One of the patterns that we have observed in our study of Tesco’s journey to America as Fresh & Easy is that much of the media takes the easy way out and simply parrots company press releases. They may not be specialists in the company or industry they are reporting on, or they just don’t have the time to really dig in deep.
So when Tesco announced its results for the third quarter, the reporting on Fresh & Easy frequently focused on the one statistic that management elected to highlight:
In the United States, sales were up 38.5% with a particularly successful Thanksgiving holiday period. Like-for-like sales growth remained strong at 9.8% driven primarily by increased customer numbers.
This was the lead for many of the articles that mentioned Fresh & Easy. The implication was that this is a strong performance. It is actually very weak performance.
Numbers such as these can’t really be interpreted in isolation. The total increase in sales tells us mostly that Tesco opened more Fresh & Easy stores. The “like-for-like,” which in the U.S. we call “same store sales,” can only be interpreted in the context of the age of the stores.
Stores have a natural maturation process the first five or so years. You expect sales to increase each year.
We explained this almost three years ago in a piece titled, Fresh & Easy Reaches Out To Shoppers As Competitors Work To Block Its Growth:
…the volume that Tesco needs seems unlikely to be in the cards for a long time. When a new store opens, sales commonly drop, not increase, by 20 or 30% within the first four weeks.
Then, they can start to grow, but rarely by leaps and bounds. If these stores have stabilized at $50,000 a week after being open a month or two, you would expect to see sales at $60,000 a week a year later, $69,000 two years later, $80,000 after three years and, say $90,000 after four years.

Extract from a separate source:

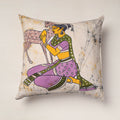  Beige Hand Batik Printed Cotton Cushion Cover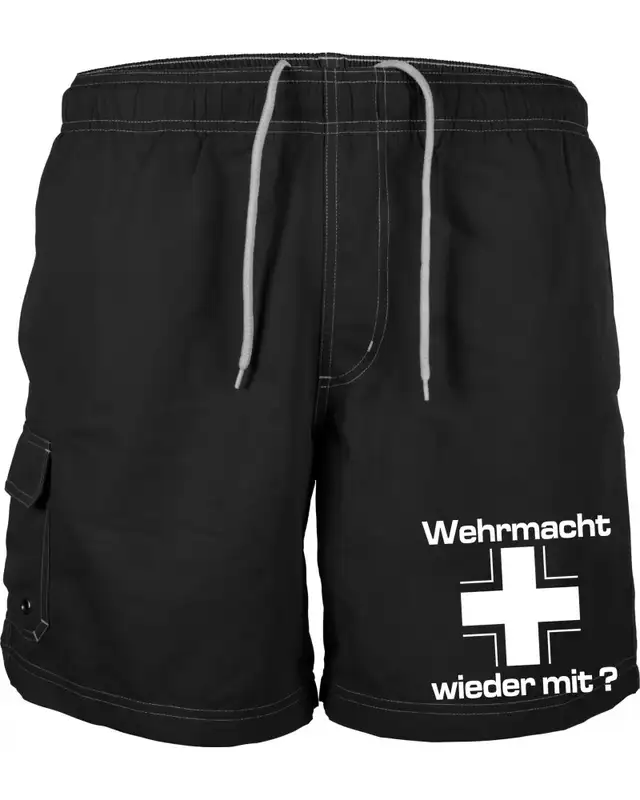 Bestickte Herren Badehose (Wehrmacht wieder mit)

Now if the concept really takes off and gains wide acceptance, instead of a gain of 20% and then 15% each year, you could get a gain of, initially, 35% and then 25% after that. Still that would only mean $67,500 per week per store a year from now.
Fresh & Easy is in the sweet spot right now for same-store sales. None of its stores are over five-years-old, so all should be increasing nicely. Stores going from year one to year two should be increasing at least 20% and preferably 35%. Stores going from year two to three or three to four should be showing same-store sales increases of at least 15% and, if the concept is really successful, 25%.
Obviously there are other factors that are needed to evaluate the situation. Large boosts in sales can often be achieved through heavy promotional expenditures, low prices, extensive couponing, etc. So we have to wait for Tesco to release profitability information to really evaluate these claims.
But this much is clear: The 9.8% growth in same-store sales is not a triumph. It is below the average experience of American supermarket chains for young stores. It indicates that Fresh & Easy continues to underperform.
The trumpeting of the number is really a bet that the media will not be familiar with the facts and will repeat the claim without qualifying it — a bet Tesco won, at least in this case.
Of course, in the end, media relations can only go so far. The question is will the stores make an adequate return on investment. That seems unlikely for a very long time.